И, твердо глядя в глаза Алевтине, ровным и спокойным голосом Аглая Петровна рассказала ей подробную биографию Вали Федоровой, рассказала, где и когда Валя подружилась с Алевтиной, на чем они сблизились и что именно важно в биографии Федоровой…

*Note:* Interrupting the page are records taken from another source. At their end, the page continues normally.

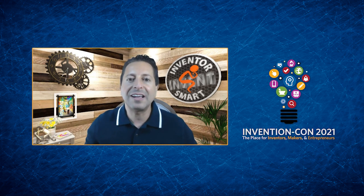Thank you everybody for listening. Good luck to you and your invention, and keep on inventing.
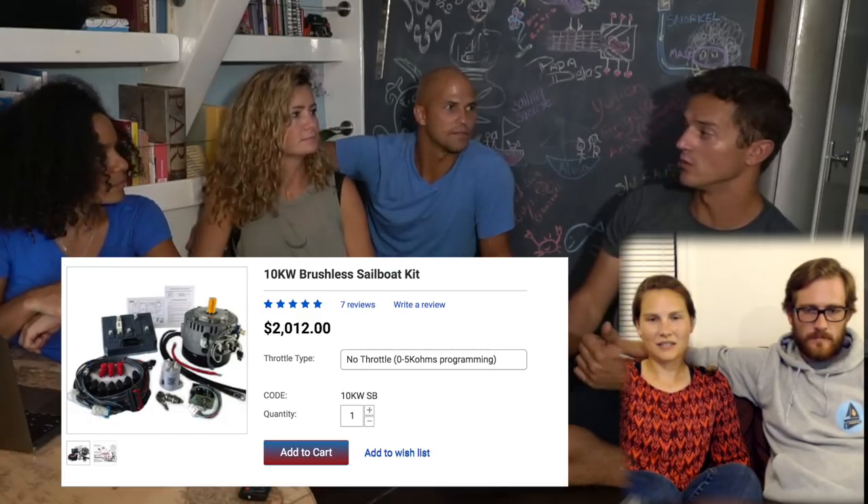So our basic setup: we have Chevy Volt batteries, 333 amp hours at 48 volts. The motor is a Mont Energy 15 — we'll link all the details. It was a kit we bought from Thunderstroke, designed for a sailboat.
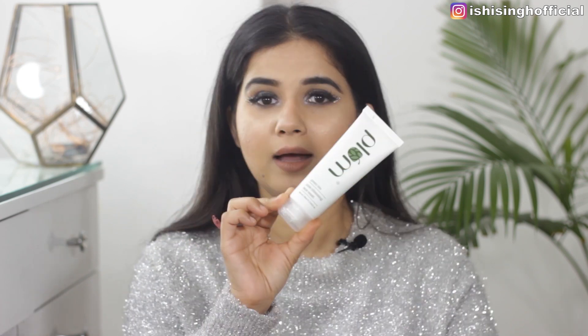The second face wash I love is the Plum Green Tea Pore Cleansing Face Wash. It's been a constant in my night skincare routine and I've absolutely loved it — I've also recommended it to you guys. That's why it tops the list as one of my favorites of this year.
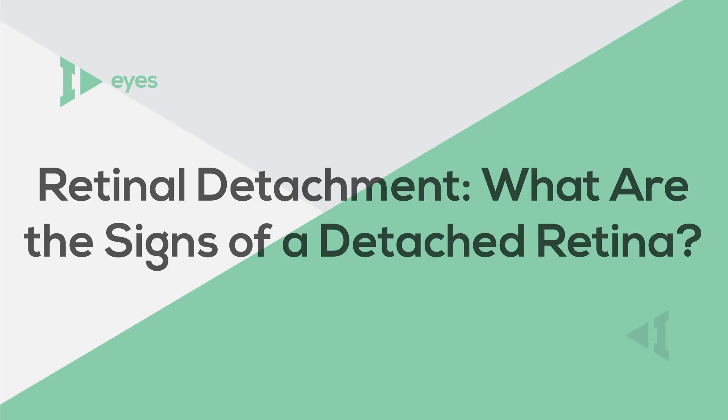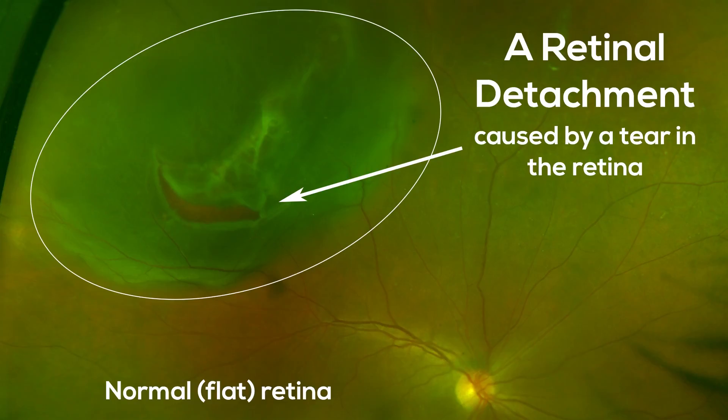Your retina is a tissue in the back of your eye. Like wallpaper, it's attached to the inside of your eye and is designed to lay flat for proper functioning. However, in some emergency cases, your retina can pull away from its normal position. Like a crack in the wallpaper, this sometimes happens and is called a tear in your retina, and can lead to a retinal detachment.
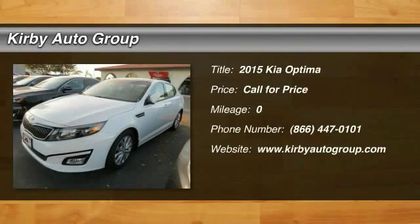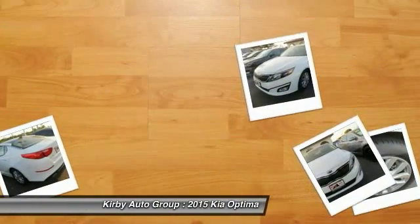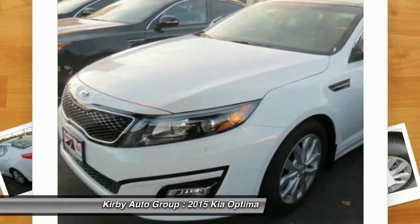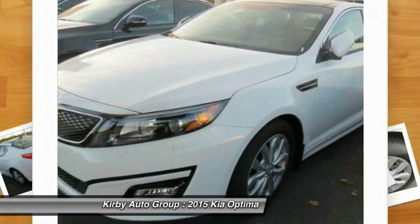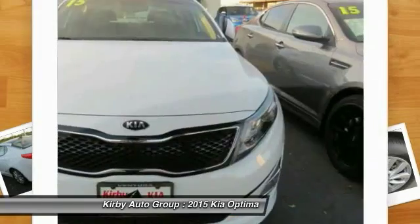The 2015 Kia Optima — the all-new Kia Optima offers a new level of style and performance. It features engine management systems like direct injection and turbocharging, which enhance performance without sacrificing fuel efficiency.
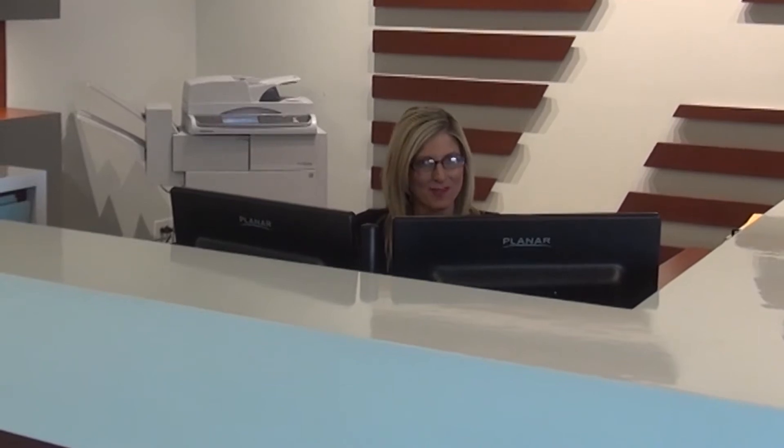Hi there, I'm Katie with The Brain Group. Do you plan on going to the PAC Expo International this November? You should!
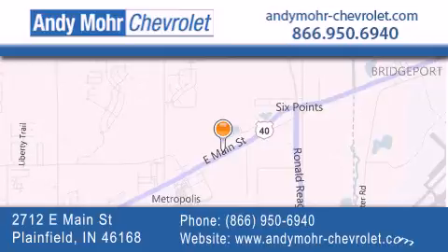You can visit our new and pre-owned inventory online, get new car pricing, and receive free no obligation price quotes. Visit Andy Moore Chevrolet today at 2712 East Main Street in Plainfield, or see us online at andymoore-chevrolet.com.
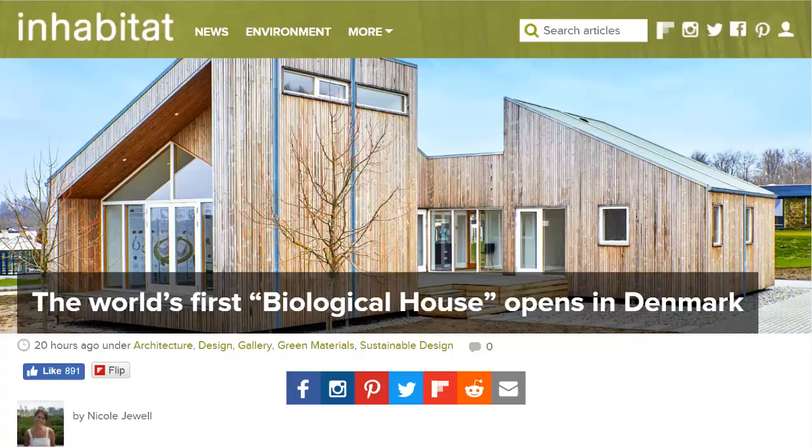I will link to both the Inhabitat page and the Curb page in the description. If you'd like to see more news headlines like this, subscribe to my channel. Have a great day.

Алевтина слушала рассеянно и переспрашивала, пугаясь своей рассеянности, а потом, внезапно перейдя на «ты», спросила:
– Тебя партия послала на задание сюда?
– Теперь и я выпью, – поднимая маленькой крепкой рукой свою стопку, произнесла Аглая Петровна. – И все-таки выпью за ваше, Валентина Андреевна, мужество. Кстати, разговаривать нам обеим следует всегда на «ты», как старым подругам.
– Кто же тебя сюда послал? – опять спросила Алевтина, и Аглая Петровна поняла, что та мучается недоверием Аглаи, ее отдельной жизнью. – Ведь не сама же ты с твоей партийной биографией взяла да и заявилась в город?
– Я в город не заявлялась, – обрадовавшись возможности уйти от главного вопроса, больше не огорчая Алевтину, сказала Аглая Петровна. – Меня вовсе и не в городе взяли, когда я шла…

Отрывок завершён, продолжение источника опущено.